The Center for Public Integrity’s iWatch News combed through campaign finance records and pulled several other surprising statistics about just who is landing in the White House.
For example, Donald Gips, a telecom executive who bundled more than $500,000 for the future president, was put in charge of hiring at the White House, and then made ambassador to South Africa in mid-2009. Meanwhile, the telecom company Gips left but still held stock in received millions of dollars in stimulus-funded government contracts for broadband projects in six states.
Indeed, 24 of Obama’s ambassador nominees were bundlers, and half of them raised more than $500,000.
While these hiring statistics could be surprising to constituents, for politically-focused academics and insiders, hiring people with big wallets — and the influence attached to them — is commonplace.
“Any president who says he’s going to change this is either hopelessly naïve or polishing the reality to promise something other than can be delivered,” Paul Light, a New York University professor and expert on presidential transitions said. “At best it’s naïve and a little bit of a shell game.”
Public Citizen, a group that advocates for transparency in government, worked with iWatch to provide data for their reporting. A comparison of Obama’s administration to its predecessor — that of President George W. Bush — showed that while Obama has hired nearly 200 bundlers in the two years he’s been in office, Bush hired approximately that same number in the entire eight years of his presidency.

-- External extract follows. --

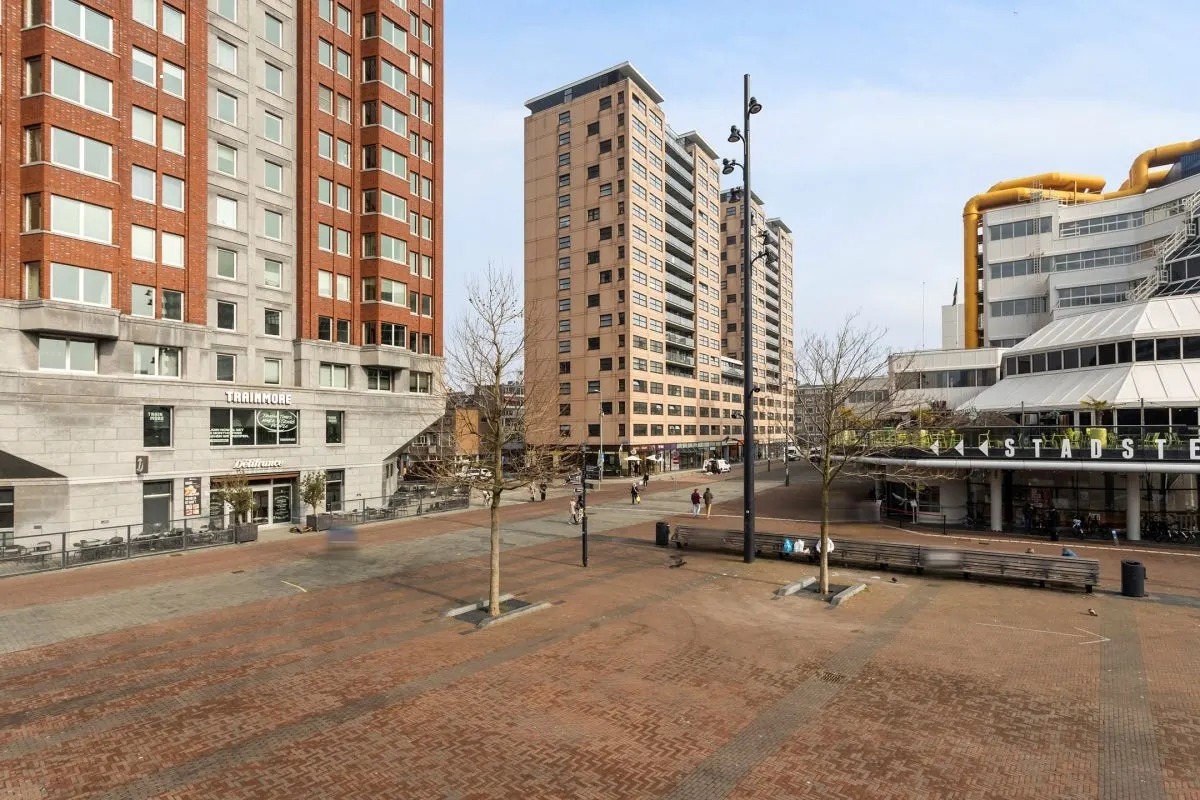 Apartament cu vedere la munte în Rotterdam, fotografia 20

Michael Caplin, a consultant in Virginia who raised about $200,000 for Obama, now serves on the Commission on Presidential Scholars, and sees nothing wrong with that fact.
“Clearly if someone raised a million dollars for your campaign, you tend to get a phone call returned,” Caplin said. “If that person is truly excellent, but also raised money for your campaign, should that disallow you to serve? … I didn’t feel like they were putting coin collectors in charge of Homeland Security. I haven’t seen one appointment yet where I thought, ‘Man this is embarrassing.’”
The White House agreed.
“In filling these posts, the administration looks for the most qualified candidates who represent Americans from all walks of life,” White House spokesman Eric Schultz said. “Being a donor does not get you a job in this administration, nor does it preclude you from getting one.”